WORK INSTRUCTIONS
The whole listing below should be printed again exactly, with no images.

INPUT DATA
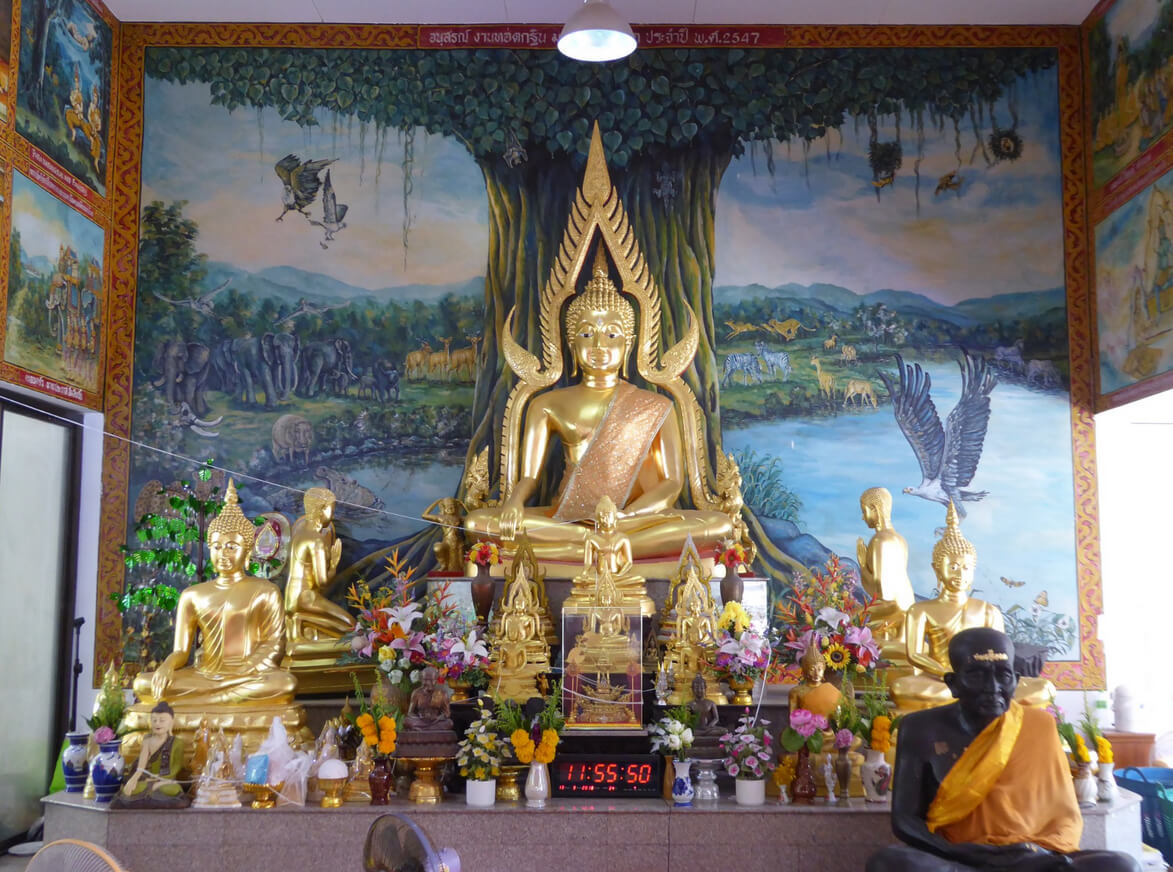 Храм Wat Baan Kamala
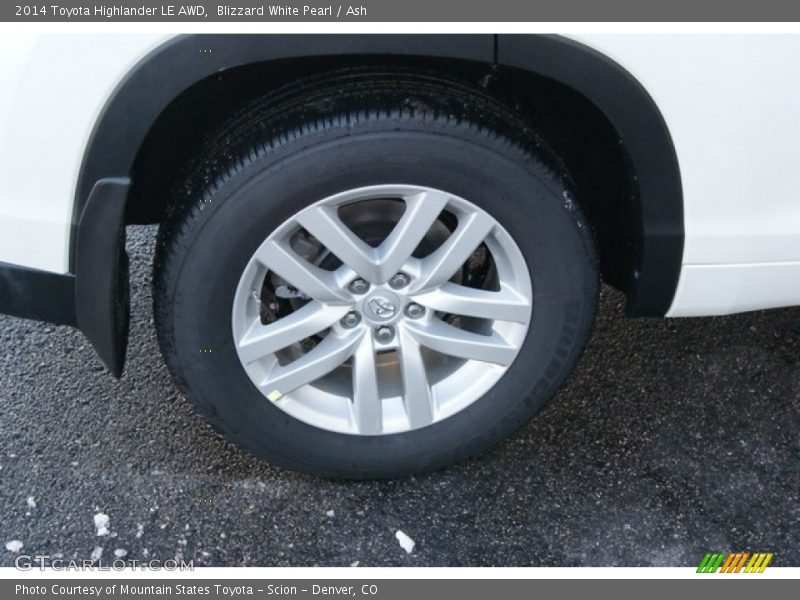 Blizzard White Pearl / Ash 2014 Toyota Highlander LE AWD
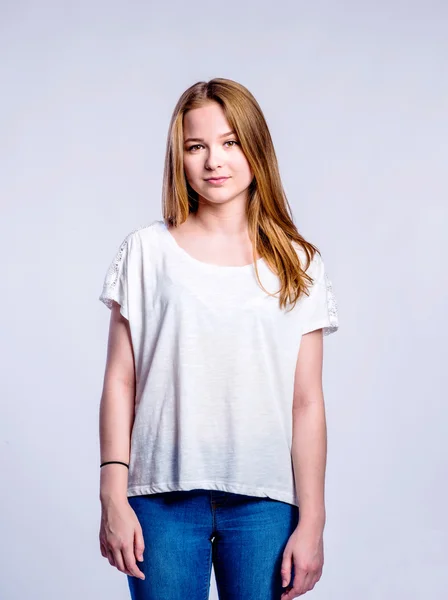 Beautiful young teenage girl — Stock Photo, Image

TASK ANSWER
 Храм Wat Baan Kamala
 Blizzard White Pearl / Ash 2014 Toyota Highlander LE AWD
 Beautiful young teenage girl — Stock Photo, Image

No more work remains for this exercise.